Born in 1950, Acheson was an active participant in two counter-cultural
movements of the last half of the 20th century. He immersed himself in the
social and political upheavals of the 1960s and after the movement fizzled
out, he found himself working in London just as the Punk movement was
starting to build. He has spent his life trying to find ‘a way to live’ in a society
with which he feels no kinship. Now in his mid-fifties, he sees himself as an
invisible, generic, middle-aged man. And as such, he has a story to tell.

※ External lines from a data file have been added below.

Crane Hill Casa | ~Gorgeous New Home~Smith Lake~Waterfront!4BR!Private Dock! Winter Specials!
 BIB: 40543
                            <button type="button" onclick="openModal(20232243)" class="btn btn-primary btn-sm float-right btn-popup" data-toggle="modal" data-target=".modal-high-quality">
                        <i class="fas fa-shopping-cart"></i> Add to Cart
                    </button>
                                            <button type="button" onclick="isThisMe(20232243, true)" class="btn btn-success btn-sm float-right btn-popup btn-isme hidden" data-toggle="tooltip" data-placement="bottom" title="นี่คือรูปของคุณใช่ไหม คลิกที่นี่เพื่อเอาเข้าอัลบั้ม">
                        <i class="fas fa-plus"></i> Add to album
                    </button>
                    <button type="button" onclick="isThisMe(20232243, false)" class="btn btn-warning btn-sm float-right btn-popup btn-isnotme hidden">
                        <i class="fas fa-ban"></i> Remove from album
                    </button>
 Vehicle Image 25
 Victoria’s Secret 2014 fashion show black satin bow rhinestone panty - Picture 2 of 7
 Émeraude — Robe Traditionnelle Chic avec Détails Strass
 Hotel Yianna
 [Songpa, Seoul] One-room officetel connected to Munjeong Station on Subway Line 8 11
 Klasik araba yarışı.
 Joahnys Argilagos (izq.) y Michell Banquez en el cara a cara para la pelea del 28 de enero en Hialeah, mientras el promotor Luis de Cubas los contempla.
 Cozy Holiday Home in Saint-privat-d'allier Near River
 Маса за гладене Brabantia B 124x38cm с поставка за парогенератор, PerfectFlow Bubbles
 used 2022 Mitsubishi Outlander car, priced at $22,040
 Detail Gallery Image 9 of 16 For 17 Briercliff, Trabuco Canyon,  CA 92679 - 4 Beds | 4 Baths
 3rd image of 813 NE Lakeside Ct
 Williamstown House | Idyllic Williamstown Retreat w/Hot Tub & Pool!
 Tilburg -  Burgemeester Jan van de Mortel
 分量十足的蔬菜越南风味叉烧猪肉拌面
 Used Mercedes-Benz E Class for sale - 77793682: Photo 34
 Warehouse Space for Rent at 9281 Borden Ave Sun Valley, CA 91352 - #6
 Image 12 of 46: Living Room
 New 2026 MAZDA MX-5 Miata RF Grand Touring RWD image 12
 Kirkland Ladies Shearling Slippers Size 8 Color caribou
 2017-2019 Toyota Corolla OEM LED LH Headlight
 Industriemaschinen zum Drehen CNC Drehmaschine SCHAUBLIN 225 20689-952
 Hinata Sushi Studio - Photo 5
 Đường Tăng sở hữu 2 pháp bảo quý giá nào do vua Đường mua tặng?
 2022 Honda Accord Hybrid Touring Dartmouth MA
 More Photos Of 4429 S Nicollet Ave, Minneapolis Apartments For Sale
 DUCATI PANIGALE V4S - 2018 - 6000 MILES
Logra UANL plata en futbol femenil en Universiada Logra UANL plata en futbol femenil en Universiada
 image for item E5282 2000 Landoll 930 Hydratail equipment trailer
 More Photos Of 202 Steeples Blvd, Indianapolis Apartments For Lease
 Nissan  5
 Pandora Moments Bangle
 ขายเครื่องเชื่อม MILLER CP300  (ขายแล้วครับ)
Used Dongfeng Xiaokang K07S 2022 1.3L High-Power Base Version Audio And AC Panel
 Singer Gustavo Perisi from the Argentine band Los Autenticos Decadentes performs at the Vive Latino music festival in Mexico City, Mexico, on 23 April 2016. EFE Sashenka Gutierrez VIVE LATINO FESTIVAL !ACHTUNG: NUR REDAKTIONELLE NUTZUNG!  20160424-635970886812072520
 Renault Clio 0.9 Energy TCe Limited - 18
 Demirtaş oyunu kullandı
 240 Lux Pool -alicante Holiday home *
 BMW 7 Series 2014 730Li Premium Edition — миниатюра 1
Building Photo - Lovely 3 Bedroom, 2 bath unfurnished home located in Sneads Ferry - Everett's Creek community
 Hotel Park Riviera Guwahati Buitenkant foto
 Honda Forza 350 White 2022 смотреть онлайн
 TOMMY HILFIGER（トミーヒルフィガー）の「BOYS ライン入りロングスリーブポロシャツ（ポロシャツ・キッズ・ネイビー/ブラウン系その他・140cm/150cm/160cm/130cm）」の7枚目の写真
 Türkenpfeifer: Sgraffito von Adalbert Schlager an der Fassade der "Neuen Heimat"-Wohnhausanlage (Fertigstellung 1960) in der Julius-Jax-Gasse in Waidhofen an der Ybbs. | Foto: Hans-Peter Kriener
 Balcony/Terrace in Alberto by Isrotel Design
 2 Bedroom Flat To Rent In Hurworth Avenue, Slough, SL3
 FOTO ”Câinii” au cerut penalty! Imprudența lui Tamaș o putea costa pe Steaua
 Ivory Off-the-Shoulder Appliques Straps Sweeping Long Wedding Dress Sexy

the Arts Centre, Fairfax Studio
Thu 16 – Sun 19 Oct at 7.45pm
Sat 18 Oct at 2pm
1hr no interval
Full
Groups (8+)
Conc
Student / MF-Y
$40
$36
$30
$25
Here is a man who has seen his share of failed utopias; a man who has
fought for change in the face of wars and political manipulation of the
public; a man who, despite all those battles, continues to watch as the current
generation struggles against the same forces he’s spent a lifetime fighting.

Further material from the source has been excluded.